PROBLEM: Make an exact copy of the records, dropping all pictures.

DATA:
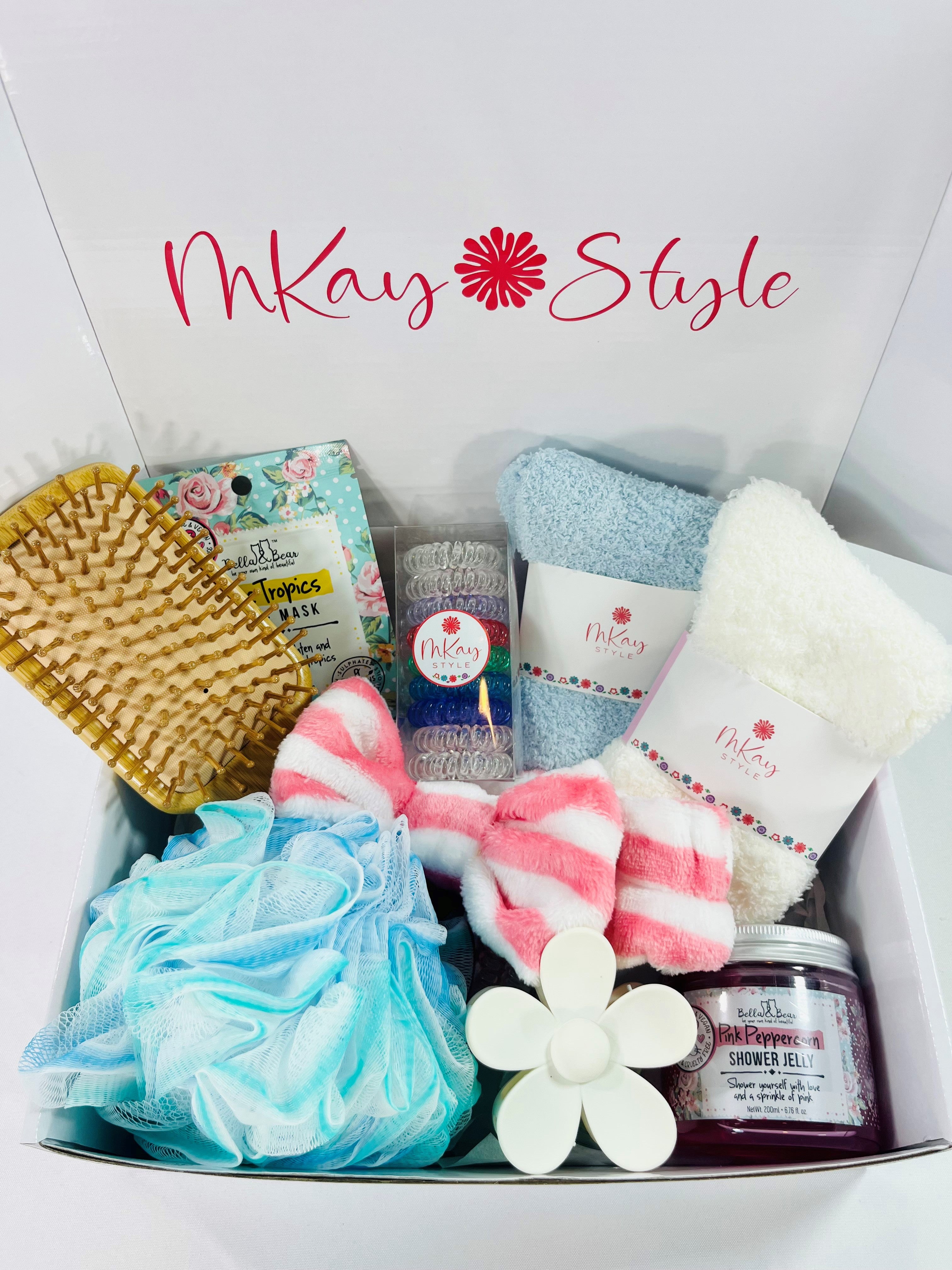 Pastel Pamper Gift Box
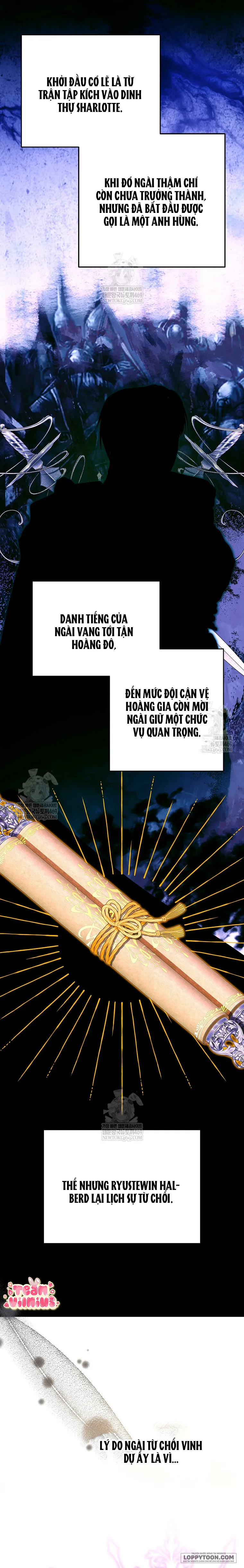 Mảnh Vỡ Của Đôi Giày Thủy Tinh - Chap 25 - Trang 13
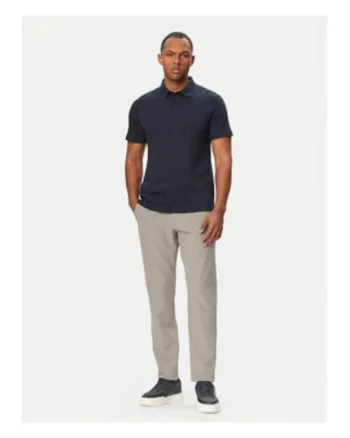 Tricou polo cu maneci scurte
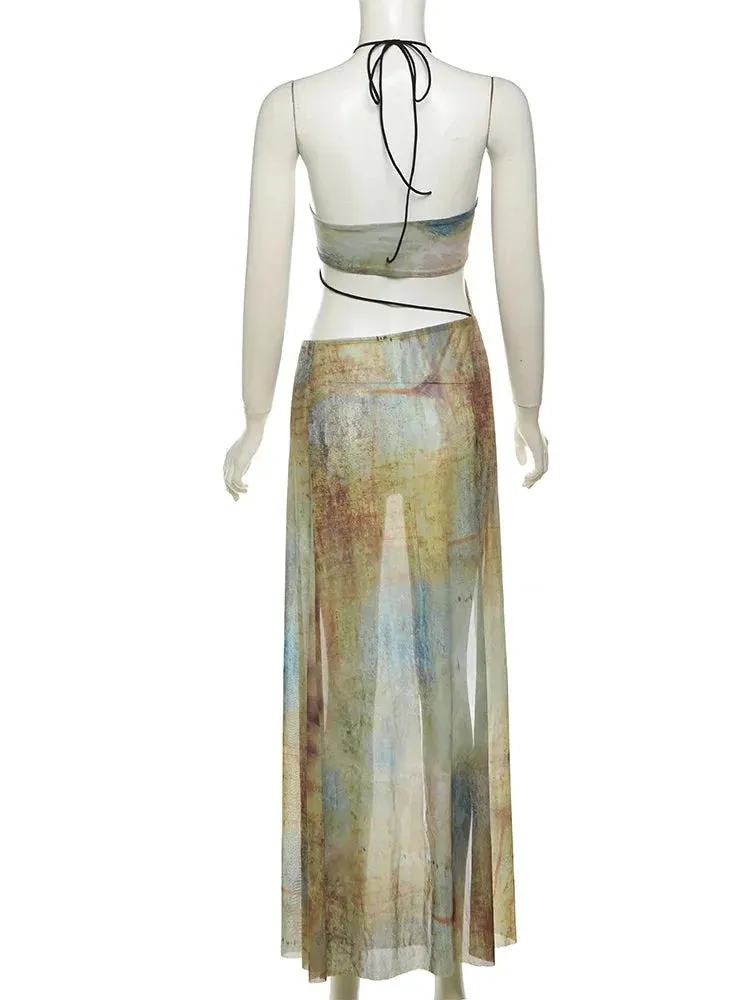 The Palms Maxi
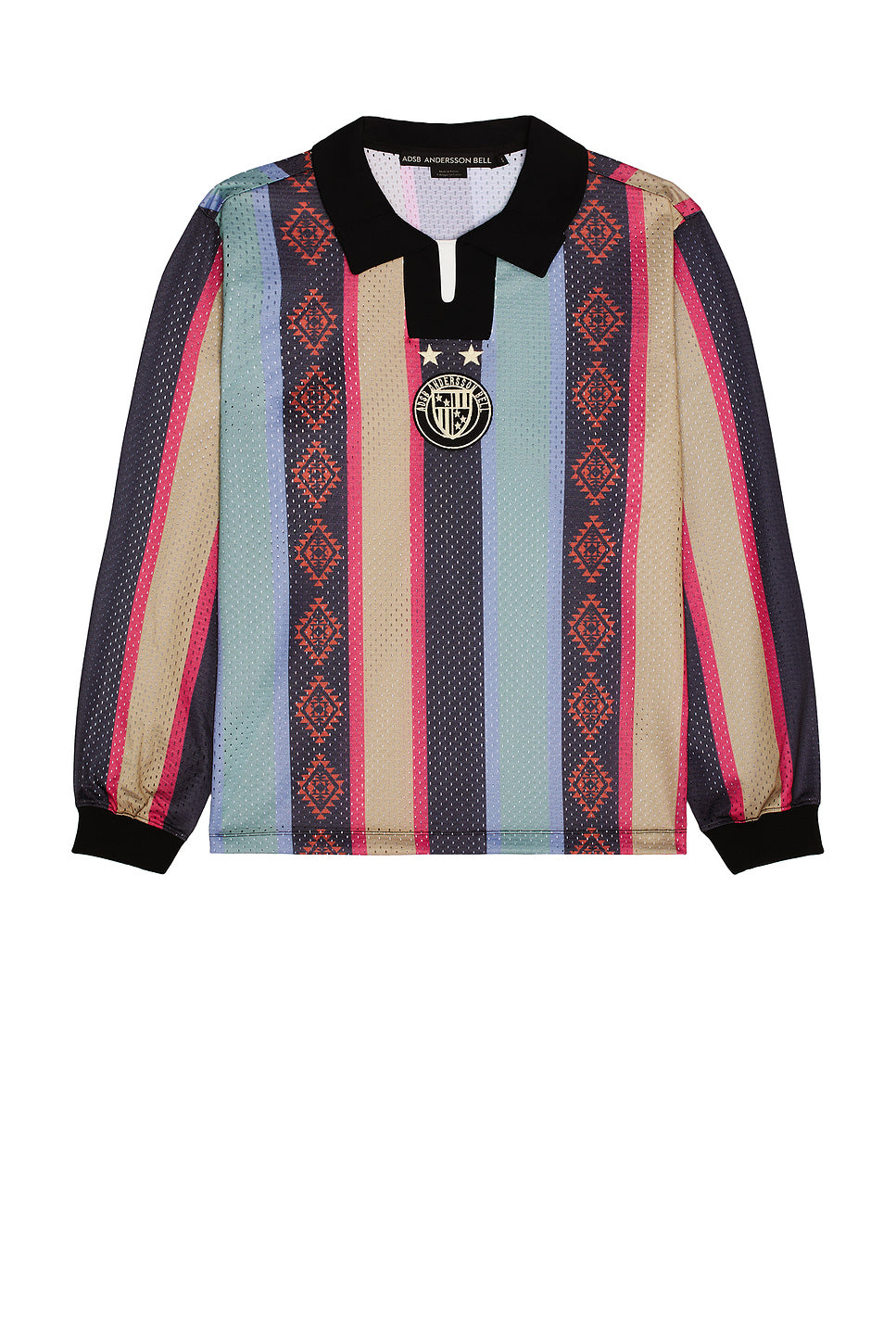 Stripe Long Sleeve T-Shirt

RESPONSE FOR THIS EXERCISE:
 Pastel Pamper Gift Box
 Mảnh Vỡ Của Đôi Giày Thủy Tinh - Chap 25 - Trang 13
 Tricou polo cu maneci scurte
 The Palms Maxi
 Stripe Long Sleeve T-Shirt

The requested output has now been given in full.